I've written this article on Baritone sax because it is a special case amongst the saxophone family.  It offers the extra note -- the coveted low "A".

· A little history

The Bari sax was like the other standard saxophones (Tenor, Alto & soprano) in its range of notes (low B flat to high F#) until the middle of last century when manufacturers began experimenting with adding the low A.  These first experiments were dreadful failures and it looked like the low A would not be accepted in the world of all things saxophone.  The problem was the low A horns did not produce the brassy, bright sound that the Baritone was famous for.  Most Bari players didn't have a low A horn, and to have one was a joke.  This was true in the 1970's when I started playing.  I used a King Zephyr Bari at that time because I liked the big Bari sound.  Every now and then someone would try a new design but they never worked, until Yamaha came out with the YBS-62 redesigned low A Bari in the 1980's and the whole saxophone world changed.  I tried one and was immediately convinced -- I bought that horn and play that same instrument today.  Here's a clip of the sound on my Yamaha YBS62 Bari:

Listen to SaxophoneMan’s Yamaha YS-62 Bari

Because there are two types of Bari saxes in the world today, the aspiring player has a choice to make.  Low A Bari or not?  The answer is in two parts:

1.          Don't get a low A Bari unless it's a good one

Because there was a shift 25 years ago in the world of all things saxophone from low B flat Baris to low A Baris, there are a lot of low A instruments out there that were made before or during the period of change.  STAY AWAY FROM THEM!  If you're buying a new Bari then it's a no brainer -- all the Baris today have low A's.  However, they are big instruments and are expensive so many aspiring players turn to the used market to save a few $$$.  So, just be careful -- a low A bari that's more than 10 years old may not have the new design features incorporated.  If you don't know for sure, seek out advice from a local pro or email me.

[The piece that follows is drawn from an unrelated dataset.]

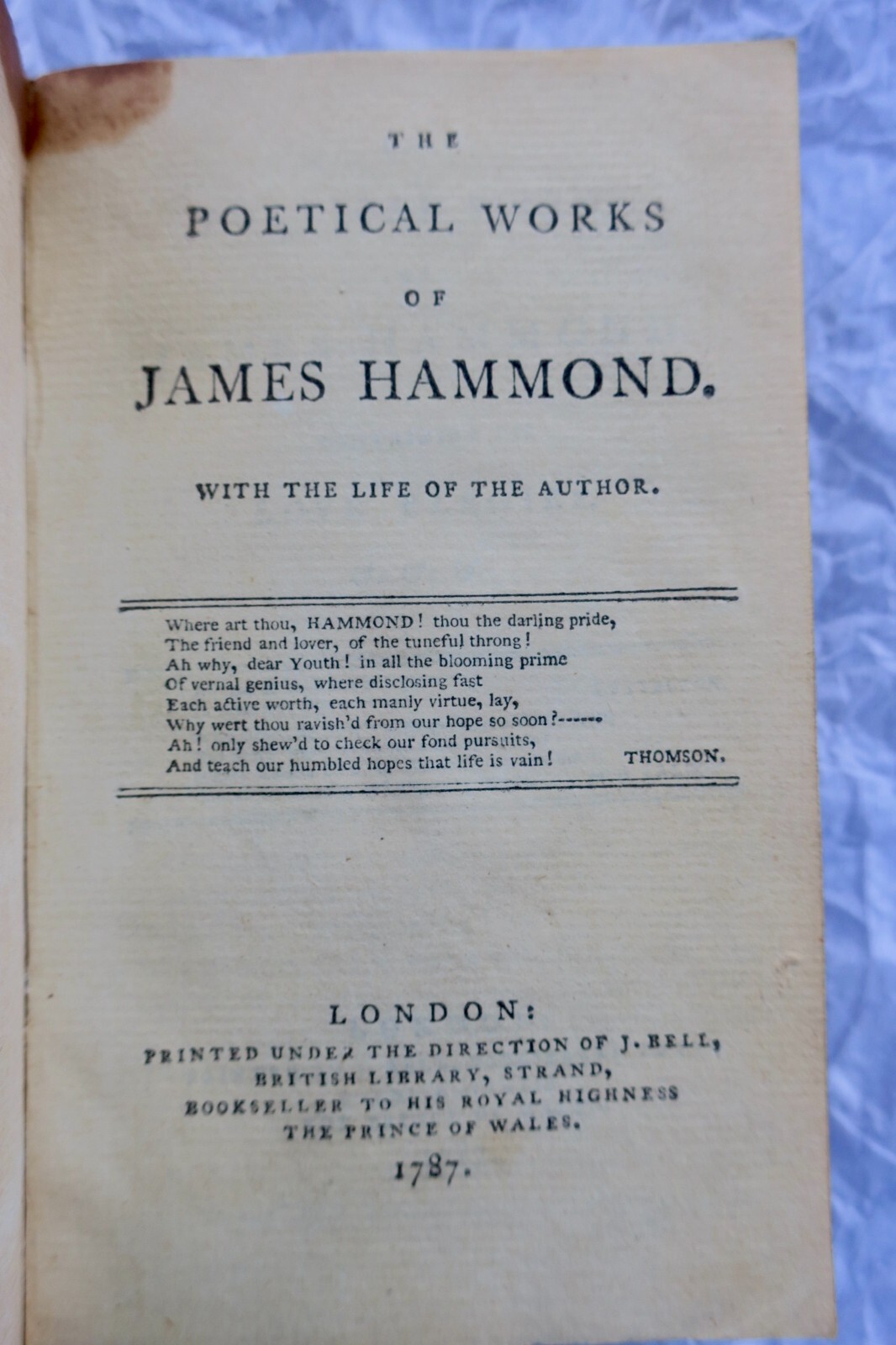 POETICAL WORKS OF GEORGE LORD LYTTELTON 1781 James Hammond 1787 William Collins – Image 8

2.          Don't get a low B-flat unless you can't find a good low A

20 years ago I would not have said this but now the shift is complete.  Most music calls for low A on the Bari and you're going to be handicapped if you can't play one.  But, if you're just starting out and you can't afford a new low A Bari and can't find a good used one, a B flat horn will work for you for a while.  Most of the manufacturers produced decent B flat Baris in their time (no one makes them anymore).  Just make sure that the horn is in good working order, as you should with any used instrument.